A-Close-Examination-of-Activations-in-Deep-Convolutional-Neural-Netword-using-VGG19-(Visualiazing-Deep-ConvNet)
Convolutional Neural Network has proven its impressive performance in Deep Learning, especially in Computer Vision. It remarkably reduces the complexity in many Computer Vision tasks and make complex tasks possible, such as Real-time Object Detection (using YOLO algorithm). Inspired by the curiousity why it works so well, many prominent research scientists have conducted research to get a better understanding of what Convolutional Neural Network actually does behind the scene. Using VGG19 in Tensorflow 2.1, this project provides a source code which allows everyone examine and visualize the activations in different convnet layers themselves to develop a better understanding and intuition about Convolutional Neural Network. By possessing such intuition, ones may have some interesting ideas for future projects, such as Art Generator.

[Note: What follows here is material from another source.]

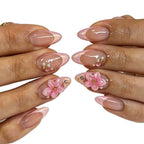 Gel Nail Enhancements Floral Glossy Long-Lasting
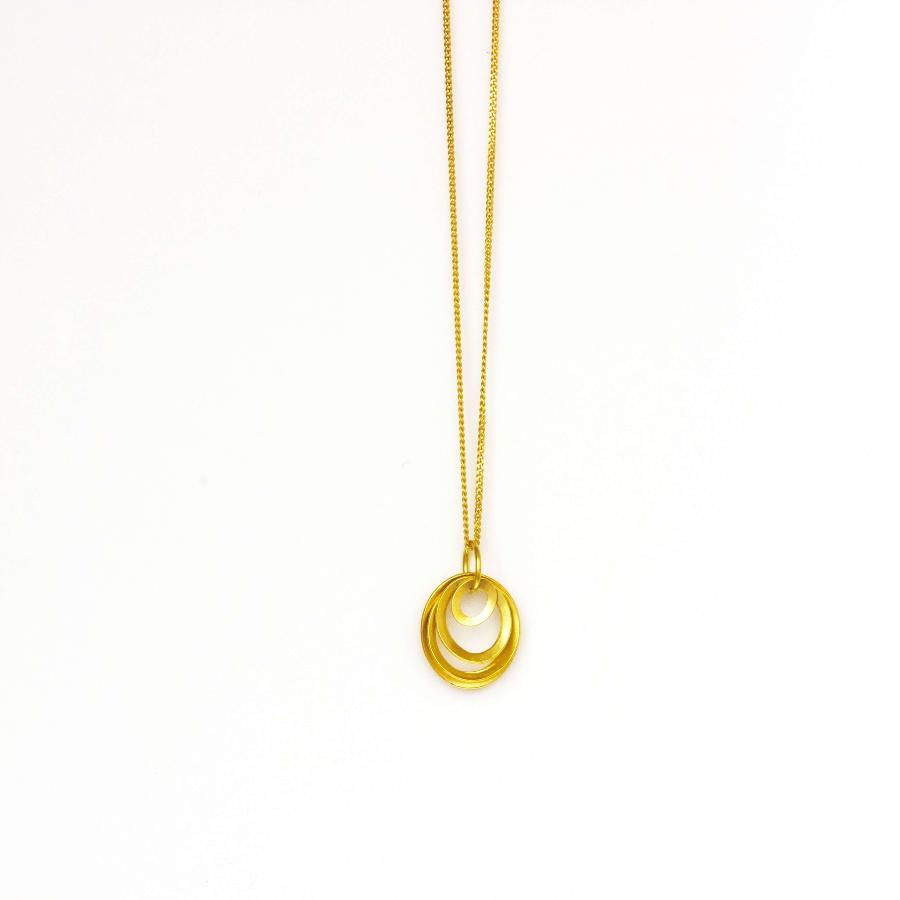 Raindrop Pendant Gold by Laura Cruikshank | Contemporary Gold Jewellery for sale at The Biscuit Factory Newcastle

In the ConvNet's shallow layers , such as Block1_Conv1 or Block2_conv1, the Network detects and extract quite simple features such as vertical edges, horizonral edges, 75-degree edges, etc. As a result, if we look at the activations in such shallow layers, the activations still represent what are clearly recognizable, since all the details (simple features) are still displayed. Such details make up the objects as we recognize them. As we move deeper, however, the activations become more abstract. This means that each neuron in deep layers represents a more complex features. For example, a neuron might be responsible for detecting complex object such as human eyes. Such neuron will be strongly activated if human eyes are actually in the input image, deactivated otherwise. Please refer to some sample images in "Activation Layer 1" and "Activation Layer 2" folders to have a better visualization, or you can download the code, run it on your own image, and examine the activations in different channels in each layer. To have a deeper understanding of ConvNet, please take a look at the paper in the Reference below.
- Some Activations:
Other example:
Explanation:
-
As explained in the paper in the reference, deeper layers in convnet learns to capture more abstract features. For example, given a human face, shallow layers try to capture simple features such as edges, vertical lines, 45-degree lines, etc, while deep layers try to capture complicated features such as eyes, nose, mouth, etc.
-
The idea of convnet's mechanism is shown exactly via the activations above. Notice in shallow layers, we can still see clearly the general shapes of the image, as they are the activations of simple features. However, when we move deeper, the activations represented are very abstract to human eyes. It is because one activated pixel in deeper layers are much more meaningful than one activated pixel in shallower layer. For example, one pixel may represent the eye of the girl.
-
This idea is important as it helps extract the most important features in the image. As a result, it reduces the dimensions of the input significantly while still retaining important infomation, thus improving efficiency in training.
-
NOTE: If you run Tensorflow on GPU and do not have a strong GPU like Nvidia GTX 1650 (my GPU), I suggest you should not run a very high resolution image (4K) or more than 5 images at once because you will not have enough GPU memory and the code will be terminated.
Reference:
- Zeiler, Matthew D., and Rob Fergus. “Visualizing and Understanding Convolutional Networks.” Computer Vision – ECCV 2014 Lecture Notes in Computer Science, 2014, pp. 818–833., doi:10.1007/978-3-319-10590-1_53.